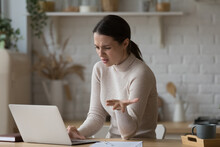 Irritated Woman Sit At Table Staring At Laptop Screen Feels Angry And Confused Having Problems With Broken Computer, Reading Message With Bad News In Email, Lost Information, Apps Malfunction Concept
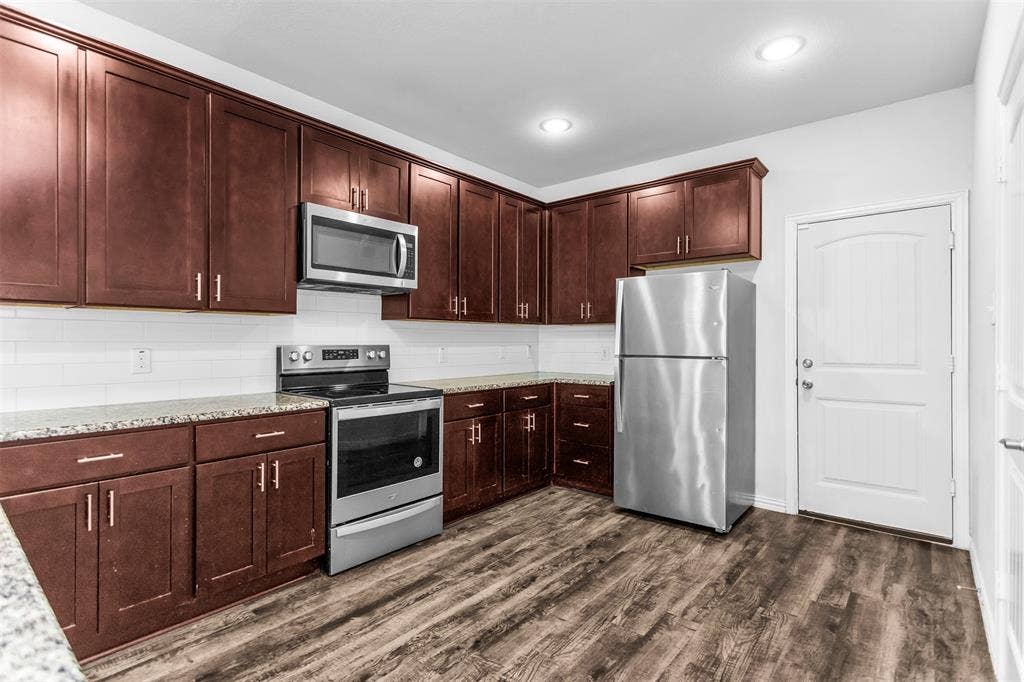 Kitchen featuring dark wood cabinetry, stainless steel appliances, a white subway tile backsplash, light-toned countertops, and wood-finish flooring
★ ★ ★ ★ ★
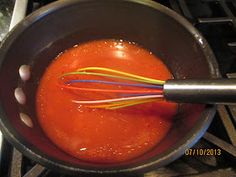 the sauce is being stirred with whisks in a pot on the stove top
★ ★ ★ ★ ★
Task description
With the pictures removed, print only the lines starting at the line that has "Irritated Woman Sit" and ending at the line that has "Kitchen featuring dark", both ends included, exactly as they stand above.

Written answer
 Irritated Woman Sit At Table Staring At Laptop Screen Feels Angry And Confused Having Problems With Broken Computer, Reading Message With Bad News In Email, Lost Information, Apps Malfunction Concept
 Kitchen featuring dark wood cabinetry, stainless steel appliances, a white subway tile backsplash, light-toned countertops, and wood-finish flooring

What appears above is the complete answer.